··· THE DATA

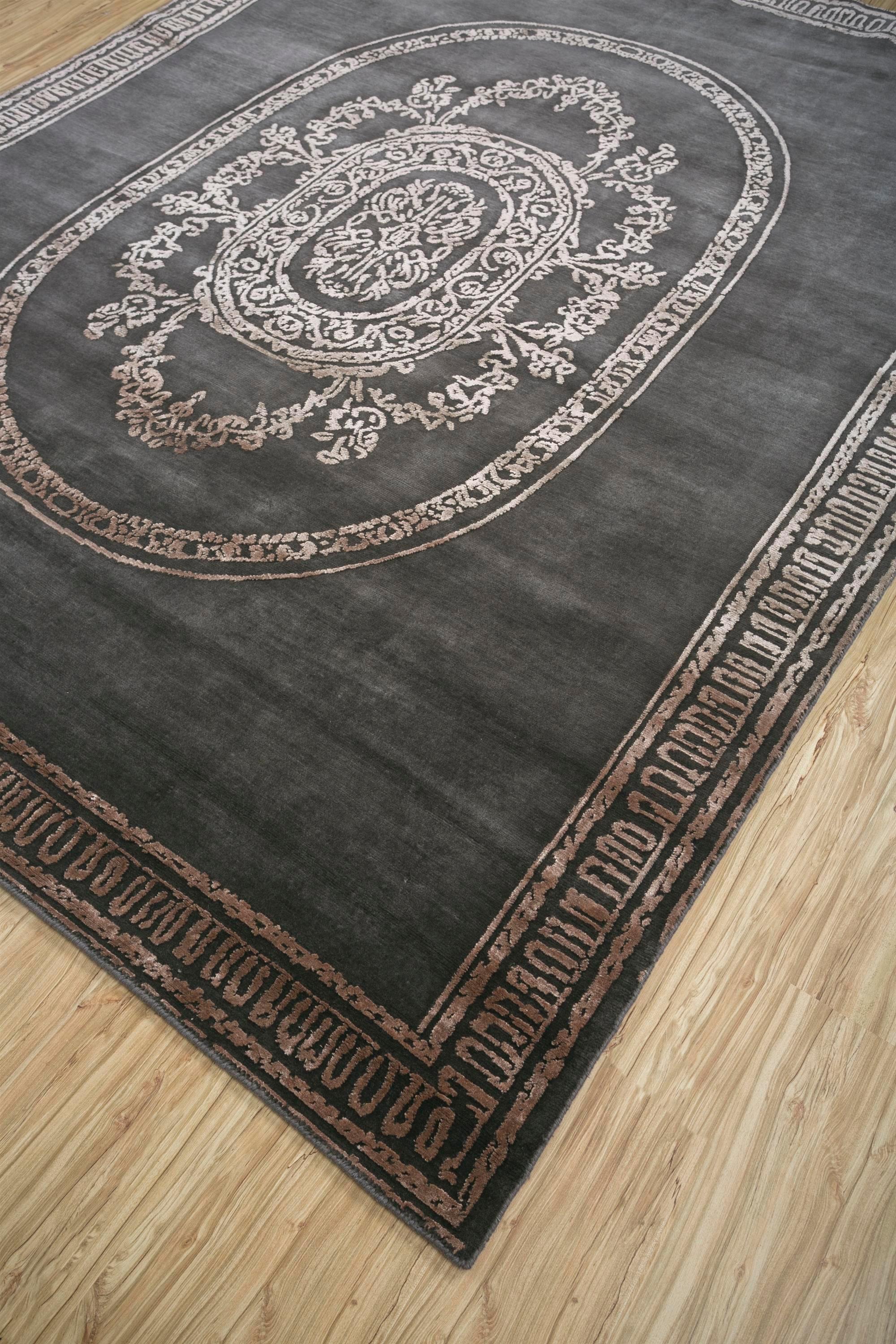 Modern Neutral Opulence Liquorice & Natural Beige 240X300 Handknotted Rug For Sale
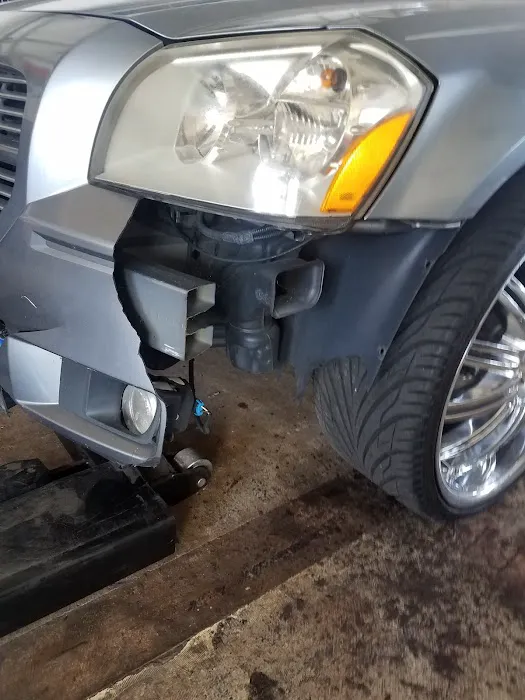 Auto Advantage Collision 6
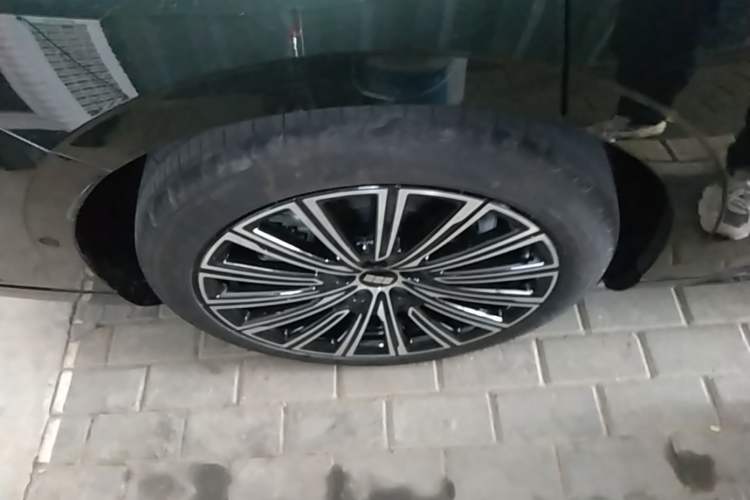 Used Geely Galaxy 8 2025 130km EM-P Starship Edition Exterior 5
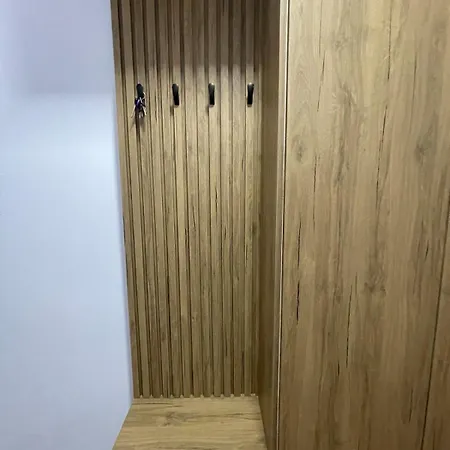 Apartment Ferit'S Property Near Myslym Shyri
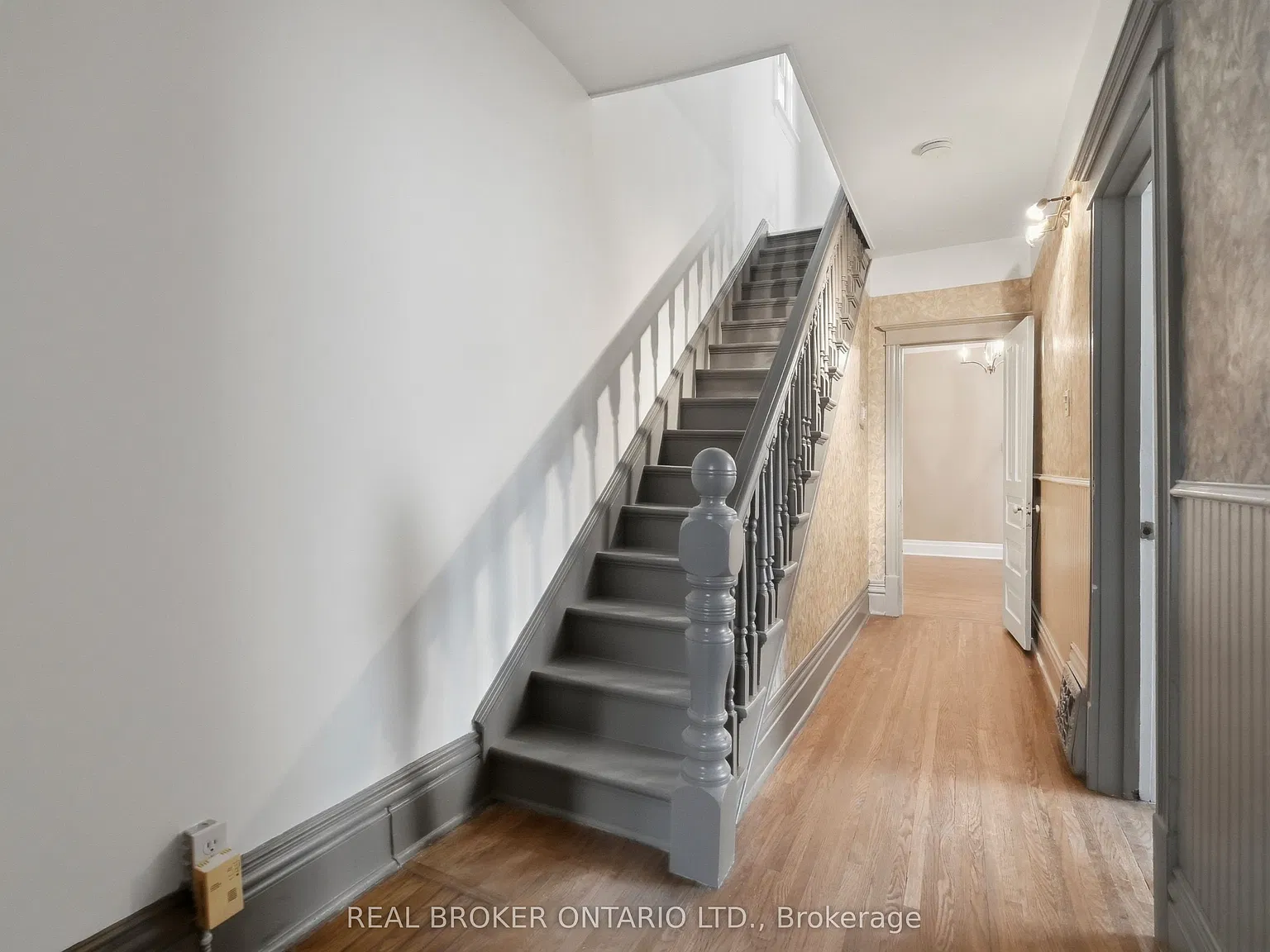 4 bed, $2,300 — Photo 3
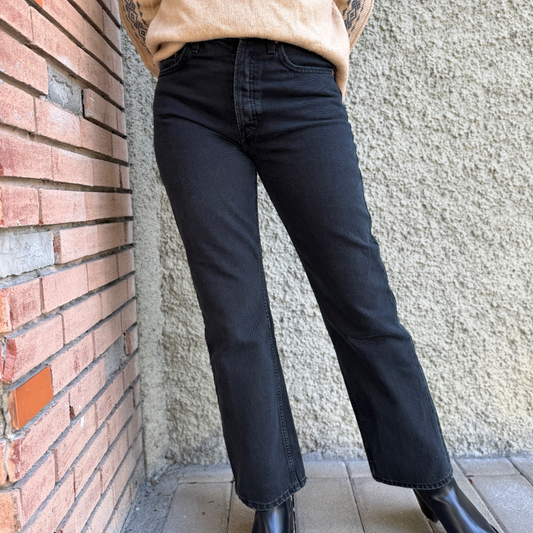 Jeans negro en corte recto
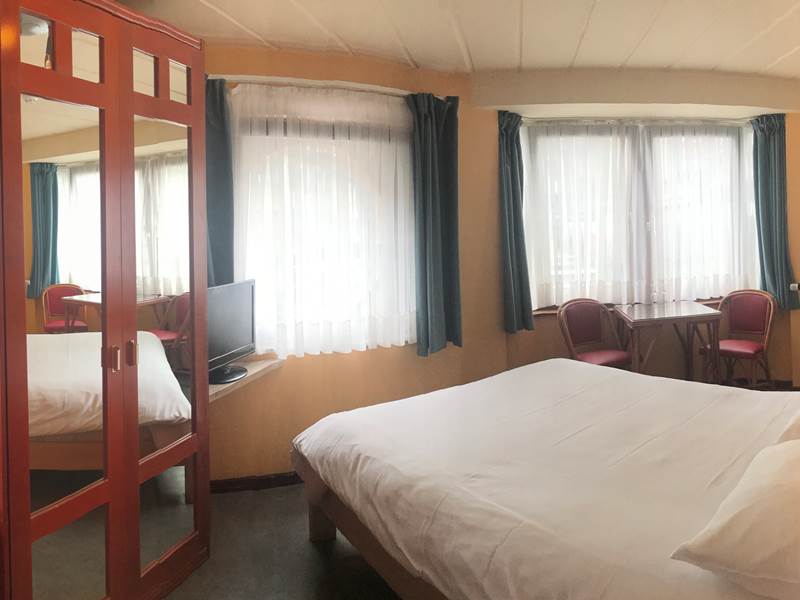 Vue panoramique de la chambre 11 Twin ou Double pour bien se rendre compte de sa description mais pas de sa dimension.  Ici la Chambre 11 en Double.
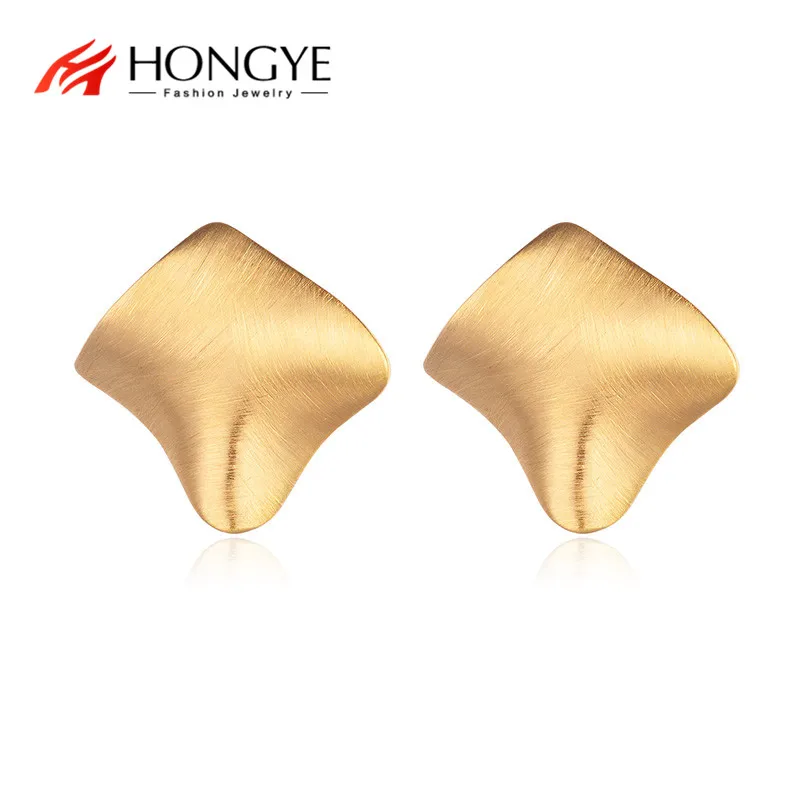 

HONGYE Irregular Metal Geometric Stud Earrings For Women Fashion Statement Punk Jewelry Accessories Party Bijoux Gift 2021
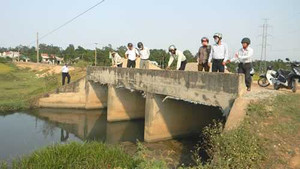 Dân mua đất lấp cống nước thải khu công nghiệp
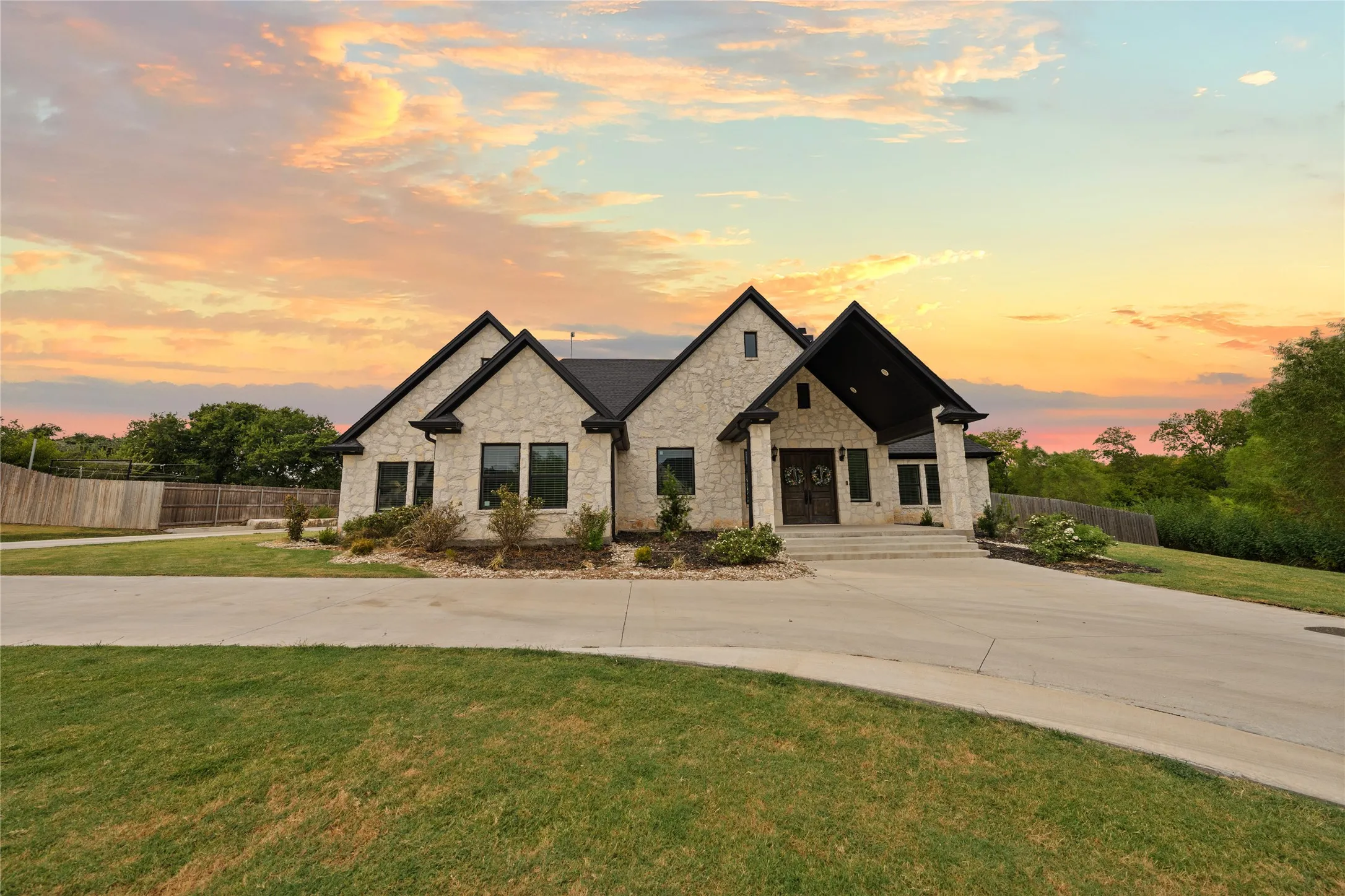 Single Family Residence For Sale in Mc Lennan County , 240 Royals Ranch Road, Lorena, Texas 76655, 4 Bedroom, 3 Bathroom, 2 Garage spaces, 2,849 Sqft, built in 2022, mls#21378316, Real Estate Agent in Lorena, Homes For Sale in Mc Lennan county, Homes For Sale in Lorena, Realtor in Lorena Texas, Real Estate Brokerage Independent Realty Texas, Luminita Cordes Realtor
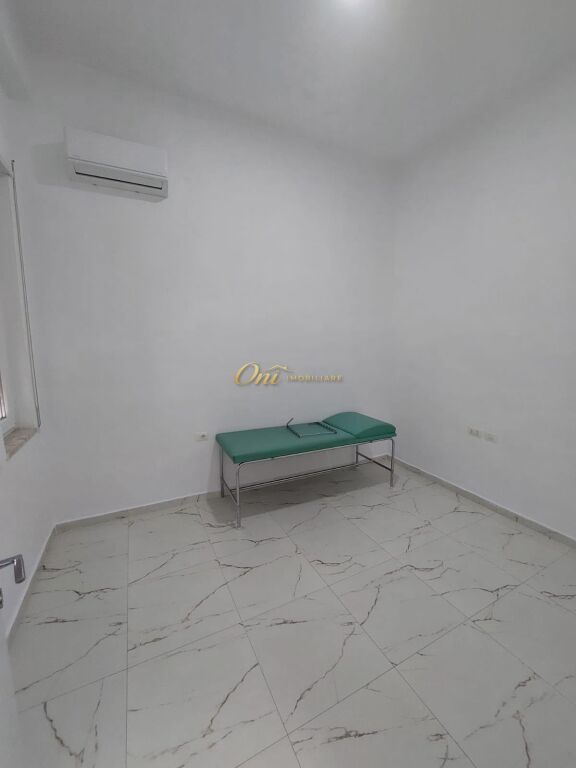RRUGA E DURRESIT, LOCALE UFFICIO IN AFFITTO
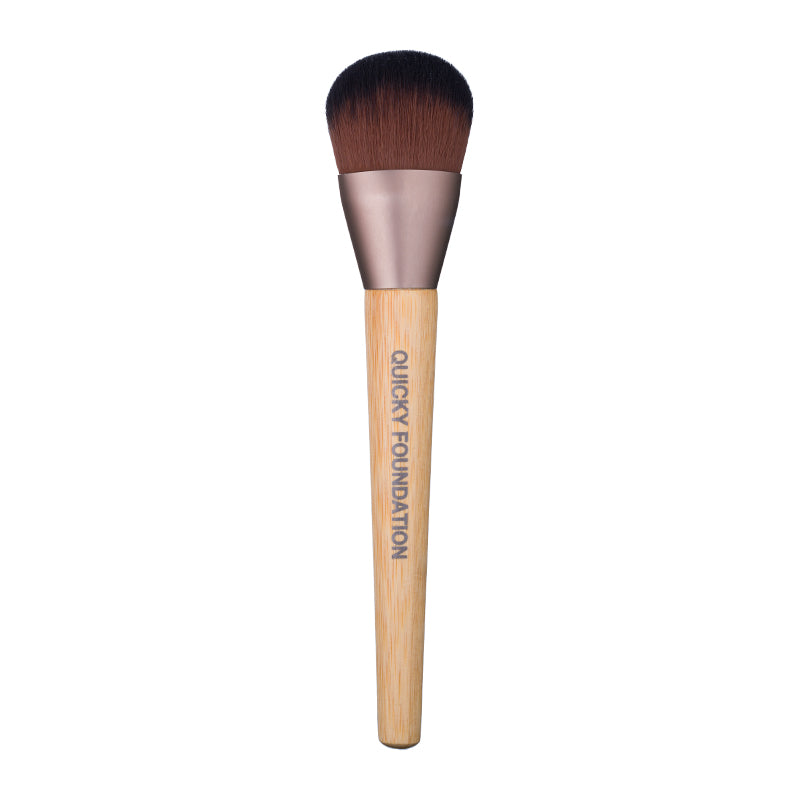 Seventeen Quicky Foundation Brush Bamboo Handle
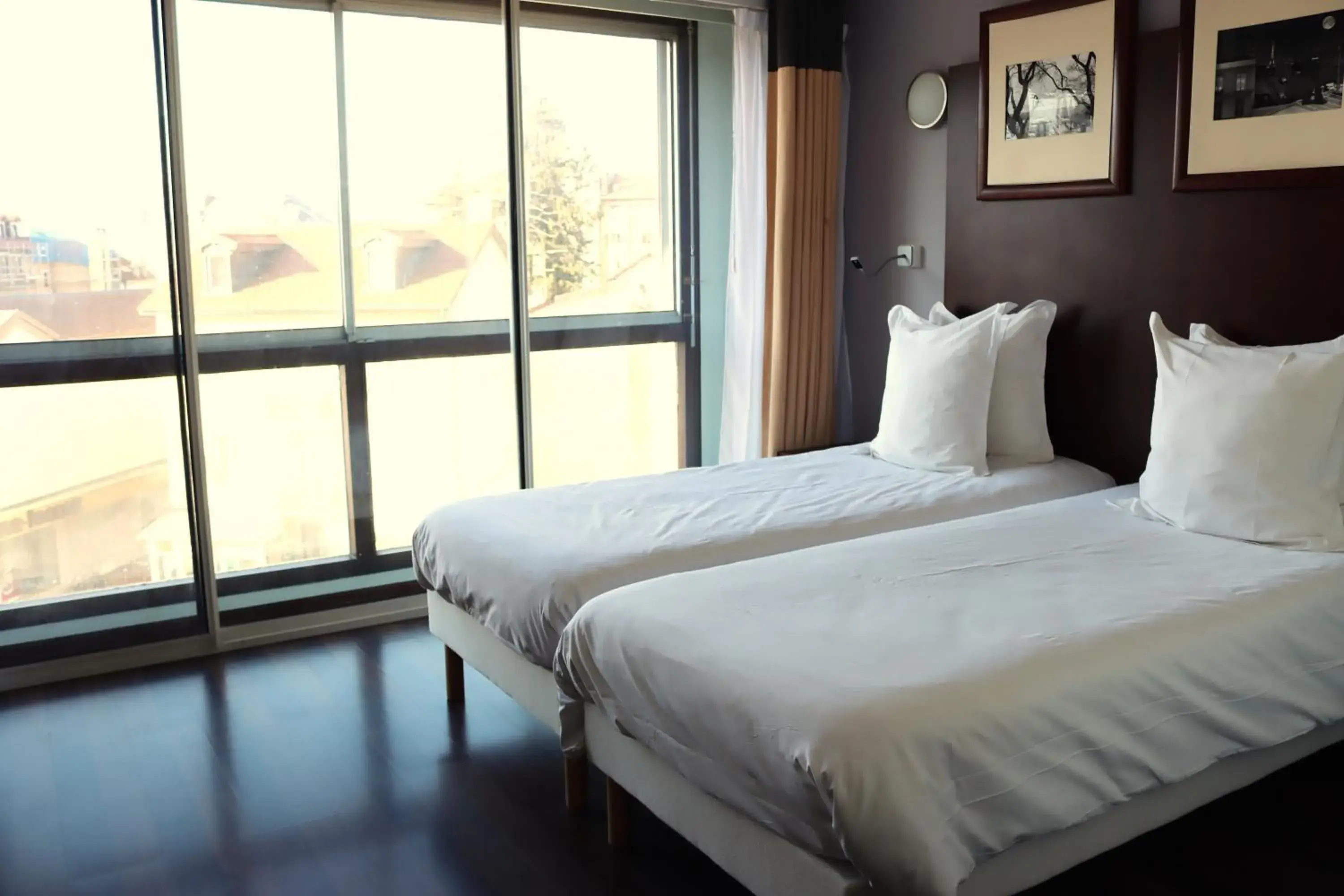 Bedroom, Bed in Hôtel Du Centre Annemasse Bedroom, Bed in Hôtel Du Centre Annemasse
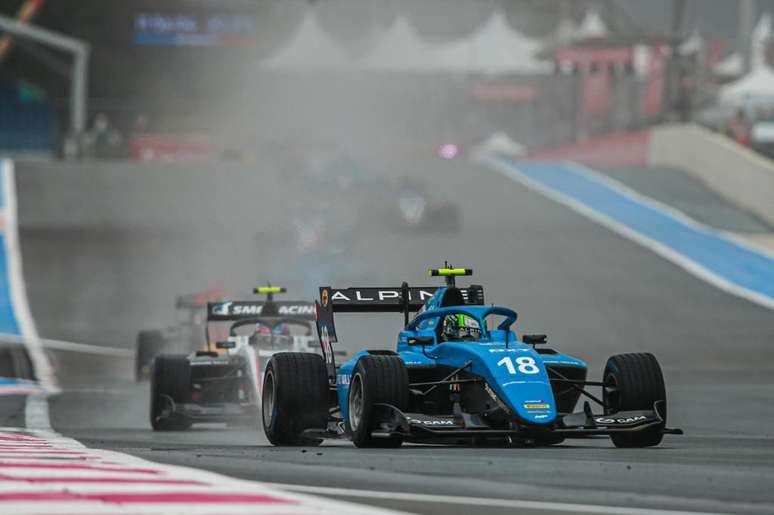 O brasileiro Caio Collet em ação na F3 FIA.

······

TASK ITEM: Give again, word for word, the lines above from the first one through the one containing "Jeans negro en corte recto"; no pictures.

ANSWER BELOW:
 Modern Neutral Opulence Liquorice & Natural Beige 240X300 Handknotted Rug For Sale
 Auto Advantage Collision 6
 Used Geely Galaxy 8 2025 130km EM-P Starship Edition Exterior 5
 Apartment Ferit'S Property Near Myslym Shyri
 4 bed, $2,300 — Photo 3
 Jeans negro en corte recto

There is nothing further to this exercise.